A kind environment is one which has consistent dynamics and parameters, and clear indications of success and failure. They are a good space for 'learning', essentially. Machines are trained in kind environments like video games or board games. They learn what winning looks like, and so do more 'good' actions, which lead to winning — and less that lead to losing.
But the world is complicated. When we seek the 'good' or want to mitigate complex things like 'slow violence' how do we know if we are making the right decisions? And how do we orient our systems (technical and human) to 'learn' to work towards good, rather than optimise for things that we know will lead to externalised harm?
Under capitalism, we are ruled by markets, and are encouraged to think of markets as kind environments. Like this:
- Start up a business/build a product
- Test it in a market place, where the metrics for success are users, monthly recurring revenue, market share, valuation and further investment by those with power, and ultimately acquisition (and maybe eventually profit).
- If you can grow, sell to consumers, and get acquired, your product is good — transformative even. If you haven't done these things, your product is bad and you should 'pivot'.

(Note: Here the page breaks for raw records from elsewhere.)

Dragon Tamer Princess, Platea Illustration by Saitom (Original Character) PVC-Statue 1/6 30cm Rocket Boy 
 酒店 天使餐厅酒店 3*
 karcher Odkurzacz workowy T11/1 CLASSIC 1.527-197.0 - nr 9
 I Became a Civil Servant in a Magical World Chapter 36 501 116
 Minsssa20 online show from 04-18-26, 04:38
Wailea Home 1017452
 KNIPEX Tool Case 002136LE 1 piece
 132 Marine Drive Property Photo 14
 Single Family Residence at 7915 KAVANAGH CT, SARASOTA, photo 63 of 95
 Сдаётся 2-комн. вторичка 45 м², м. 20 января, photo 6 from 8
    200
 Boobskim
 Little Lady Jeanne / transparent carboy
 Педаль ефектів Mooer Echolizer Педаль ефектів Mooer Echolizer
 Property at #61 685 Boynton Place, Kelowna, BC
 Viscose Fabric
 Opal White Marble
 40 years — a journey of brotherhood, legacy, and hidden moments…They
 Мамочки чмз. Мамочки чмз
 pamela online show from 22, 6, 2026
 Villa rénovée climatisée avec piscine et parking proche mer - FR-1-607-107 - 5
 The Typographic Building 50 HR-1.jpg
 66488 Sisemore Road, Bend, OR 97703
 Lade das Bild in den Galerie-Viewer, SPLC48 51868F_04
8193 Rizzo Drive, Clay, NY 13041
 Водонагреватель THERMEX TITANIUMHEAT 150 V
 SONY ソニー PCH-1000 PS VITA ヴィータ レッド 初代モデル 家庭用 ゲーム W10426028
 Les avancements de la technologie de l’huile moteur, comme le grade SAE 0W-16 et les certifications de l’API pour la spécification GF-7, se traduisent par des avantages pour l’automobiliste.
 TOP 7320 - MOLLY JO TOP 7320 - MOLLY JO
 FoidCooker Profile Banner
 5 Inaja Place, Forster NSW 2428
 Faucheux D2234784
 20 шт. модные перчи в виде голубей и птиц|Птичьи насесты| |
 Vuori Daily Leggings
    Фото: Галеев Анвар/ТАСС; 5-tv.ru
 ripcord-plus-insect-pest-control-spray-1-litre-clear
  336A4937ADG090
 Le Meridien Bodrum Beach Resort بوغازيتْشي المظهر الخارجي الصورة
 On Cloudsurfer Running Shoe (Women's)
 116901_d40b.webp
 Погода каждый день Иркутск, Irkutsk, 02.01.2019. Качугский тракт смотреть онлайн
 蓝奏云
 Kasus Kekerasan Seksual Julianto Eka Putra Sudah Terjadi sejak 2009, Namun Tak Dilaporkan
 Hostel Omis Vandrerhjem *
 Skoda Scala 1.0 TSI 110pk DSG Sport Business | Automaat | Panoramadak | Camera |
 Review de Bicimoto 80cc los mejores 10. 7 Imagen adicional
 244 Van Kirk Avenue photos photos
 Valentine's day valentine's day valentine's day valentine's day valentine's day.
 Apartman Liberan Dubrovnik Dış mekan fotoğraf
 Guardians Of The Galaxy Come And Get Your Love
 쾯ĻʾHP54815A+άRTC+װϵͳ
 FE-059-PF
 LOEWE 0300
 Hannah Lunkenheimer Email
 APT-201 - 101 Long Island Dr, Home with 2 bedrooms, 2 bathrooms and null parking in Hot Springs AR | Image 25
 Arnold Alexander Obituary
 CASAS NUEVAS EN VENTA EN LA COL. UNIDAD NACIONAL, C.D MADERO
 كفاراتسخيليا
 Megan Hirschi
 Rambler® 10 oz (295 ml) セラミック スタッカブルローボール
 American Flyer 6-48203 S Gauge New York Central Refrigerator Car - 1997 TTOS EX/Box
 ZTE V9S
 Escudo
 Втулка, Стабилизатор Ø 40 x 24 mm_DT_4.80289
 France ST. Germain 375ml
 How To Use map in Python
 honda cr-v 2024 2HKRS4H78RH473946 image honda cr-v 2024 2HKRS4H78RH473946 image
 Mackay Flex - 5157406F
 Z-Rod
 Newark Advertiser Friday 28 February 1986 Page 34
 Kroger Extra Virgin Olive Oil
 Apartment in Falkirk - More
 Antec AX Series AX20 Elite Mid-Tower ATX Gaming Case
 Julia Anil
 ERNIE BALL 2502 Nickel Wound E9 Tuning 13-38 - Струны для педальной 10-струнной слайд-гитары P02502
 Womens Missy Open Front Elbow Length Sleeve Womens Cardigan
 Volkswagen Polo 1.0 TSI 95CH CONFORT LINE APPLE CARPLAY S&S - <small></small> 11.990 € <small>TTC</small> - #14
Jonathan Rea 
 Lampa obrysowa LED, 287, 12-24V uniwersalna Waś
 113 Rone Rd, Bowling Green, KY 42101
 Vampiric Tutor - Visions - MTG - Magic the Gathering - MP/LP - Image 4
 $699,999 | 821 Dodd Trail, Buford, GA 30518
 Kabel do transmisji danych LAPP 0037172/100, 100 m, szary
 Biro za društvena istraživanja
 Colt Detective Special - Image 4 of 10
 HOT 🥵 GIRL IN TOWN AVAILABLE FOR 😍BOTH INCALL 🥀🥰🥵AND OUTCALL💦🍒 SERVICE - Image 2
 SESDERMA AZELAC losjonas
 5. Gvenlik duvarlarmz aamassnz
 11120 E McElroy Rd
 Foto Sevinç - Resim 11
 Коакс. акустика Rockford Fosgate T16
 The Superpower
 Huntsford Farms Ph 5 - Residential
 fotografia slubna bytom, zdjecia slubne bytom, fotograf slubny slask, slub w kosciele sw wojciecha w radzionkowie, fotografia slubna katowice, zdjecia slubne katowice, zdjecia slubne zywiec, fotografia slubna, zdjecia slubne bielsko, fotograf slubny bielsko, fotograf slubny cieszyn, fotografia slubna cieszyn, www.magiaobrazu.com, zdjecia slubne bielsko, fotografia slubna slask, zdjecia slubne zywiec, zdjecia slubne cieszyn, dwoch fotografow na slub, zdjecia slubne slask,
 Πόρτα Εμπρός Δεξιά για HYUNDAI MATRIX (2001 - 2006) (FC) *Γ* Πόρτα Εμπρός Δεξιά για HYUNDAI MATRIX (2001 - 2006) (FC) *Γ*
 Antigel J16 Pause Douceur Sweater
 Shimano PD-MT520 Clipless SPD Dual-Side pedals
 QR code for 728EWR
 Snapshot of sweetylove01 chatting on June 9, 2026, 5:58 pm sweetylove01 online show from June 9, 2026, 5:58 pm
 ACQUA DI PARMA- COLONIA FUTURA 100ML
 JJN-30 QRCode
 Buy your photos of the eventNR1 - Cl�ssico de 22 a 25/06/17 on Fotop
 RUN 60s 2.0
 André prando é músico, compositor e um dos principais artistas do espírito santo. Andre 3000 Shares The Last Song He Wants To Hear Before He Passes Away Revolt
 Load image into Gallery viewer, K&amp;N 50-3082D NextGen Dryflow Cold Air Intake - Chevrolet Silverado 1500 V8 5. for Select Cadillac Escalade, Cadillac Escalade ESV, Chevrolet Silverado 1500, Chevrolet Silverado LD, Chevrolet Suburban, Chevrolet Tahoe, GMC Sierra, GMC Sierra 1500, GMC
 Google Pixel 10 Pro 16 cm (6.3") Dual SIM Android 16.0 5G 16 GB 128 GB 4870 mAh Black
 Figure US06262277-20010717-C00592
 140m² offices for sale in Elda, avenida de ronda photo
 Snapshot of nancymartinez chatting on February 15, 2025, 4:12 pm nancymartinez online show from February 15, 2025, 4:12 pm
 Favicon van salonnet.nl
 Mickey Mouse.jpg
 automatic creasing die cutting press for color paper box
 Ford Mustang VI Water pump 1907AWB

These metrics are a very clean-cut measure of success, meaning it is easier to build systems that are oriented towards them. Ones which learn from experiments, and optimise choices and structures to achieve those metrics. This kind environment precludes examination of complex, compounded harms. Not only does it overlook them as a proxy of failure or fail to incorporate them in formulas for success, it encourages systems to actually overlook them entirely. With growth and success being so visible, and harm being so invisible (to those incentivised to ignore it), you can see how breaking out of cycles of slow violence is such a challenge.
I ran a non-profit for close to a decade, and I was always struck by the proxies we used to know if we were having an impact.
Easy metrics: are you able to fundraise, grow, be known?
Hard metrics: do people like working with you, are you helping shift power, are you actually making a difference at all? Is your work 'worth' it?
I thought about it all the time, and in the end I don't have answers, just more questions. And a longing for a kind environment for learning, experimentation, and change that is oriented to optimise for something I know will make the world better.
This has me noodling on: how can we ask organisations to pursue a different success criteria, if we don't know what it is yet? How can we establish strategies for long term social benefit, that create a kind environment which we can orient technology creators towards? How can we end slow violence and reduce our dependence on inequitable, long-term harm to fuel change?
I don't think ESG goals cut it, but I'm curious if any ESG thinkers out there are considering how to build pro-technosocial metrics that we can use to condition moral thinking for technology makers and stop letting them off the hook for 'unintended consequences' on the path to profit.